Frost, Corey, Tout ce que je sais en cinq minutes. Fictions, Montréal, Le Quartanier, «série QR», 54, 2013, 184 p. Ill. Traduction de Christophe Bernard.

Legendre, Claire, Viande, Paris, Grasset, 1999, 187 p.

Létourneau, Sophie, Chanson française. Roman, Montréal, Le Quartanier, «série QR», 70, 2013, 178 p.

Péret, Benjamin, «Pulchérie veut une auto», 1922.

L’art du portrait balafré

Jean Echenoz, les Grandes Blondes, 1995, couverture

«Depuis le tabouret latéral qu’il occupait, Boccara jeta un œil intimidé sur Personnettaz, raidement assis dans un fauteuil devant le bureau de Jouve : sujet maigre et farouche, austère quoique bizarrement déguisé en assureur de fantaisie, costume sable et chemise tête-de-nègre avec cravate vert clair.
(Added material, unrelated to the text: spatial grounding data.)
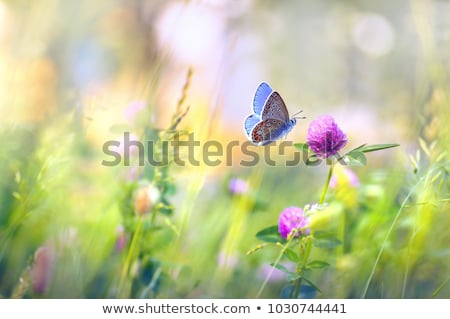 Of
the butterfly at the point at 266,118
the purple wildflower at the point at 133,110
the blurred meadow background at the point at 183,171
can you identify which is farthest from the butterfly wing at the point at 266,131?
the purple wildflower at the point at 133,110

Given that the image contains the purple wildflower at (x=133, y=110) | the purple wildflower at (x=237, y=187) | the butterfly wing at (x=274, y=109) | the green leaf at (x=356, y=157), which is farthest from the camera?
the purple wildflower at (x=237, y=187)

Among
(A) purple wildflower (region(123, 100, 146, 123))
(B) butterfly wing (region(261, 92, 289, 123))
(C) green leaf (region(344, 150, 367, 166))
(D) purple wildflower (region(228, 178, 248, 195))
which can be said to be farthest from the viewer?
(D) purple wildflower (region(228, 178, 248, 195))

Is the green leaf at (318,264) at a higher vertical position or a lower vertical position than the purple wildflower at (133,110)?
lower

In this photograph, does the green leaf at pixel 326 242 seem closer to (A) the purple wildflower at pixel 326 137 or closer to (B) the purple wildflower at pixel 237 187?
(A) the purple wildflower at pixel 326 137

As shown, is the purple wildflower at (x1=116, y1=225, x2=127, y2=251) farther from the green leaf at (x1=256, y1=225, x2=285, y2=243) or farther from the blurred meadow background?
the green leaf at (x1=256, y1=225, x2=285, y2=243)

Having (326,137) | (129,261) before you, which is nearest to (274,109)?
(326,137)

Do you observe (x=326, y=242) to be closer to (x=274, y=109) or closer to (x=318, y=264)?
(x=318, y=264)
Cheveux cuivrés, presque roux, taillés comme dans les casernes, joues creuses et front plissé; deux longues rides parallèles à l’axe maxillaire pouvaient passer pour des balafres, des scarifications initiatiques, et son regard gelé pouvait faire peur à Boccara. Son visage reflétait une préoccupation majeure à moins qu’une grande souffrance morale à moins qu’une maladie chronique, un ulcère ou quelque chose. Il était attentif et grave comme chez son docteur.»

Jean Echenoz, les Grandes Blondes. Roman, Paris, Éditions de Minuit, 1995, 250 p., p. 82-83.

L’art du portrait en prédéliquescence

 Jean Echenoz, les Grandes Blondes, 1995, couverture

Boccara «s’examina dans le miroir : toujours le même jeune type un peu replet malgré de jolis yeux de fille, l’air avisé, pas assez petit pour être petit, pas assez gros pour être gros, pas encore assez dégarni pour être vraiment chauve mais tout cela viendrait. Tout cela viendrait donc le préoccupait. Car malgré qu’il en eût, sous vingt ans son avenir était sans doute fixé : lotions et talonnettes, anorexigènes, course à pied, rien n’y ferait.»

Jean Echenoz, les Grandes Blondes. Roman, Paris, Éditions de Minuit, 1995, 250 p., p. 75-76.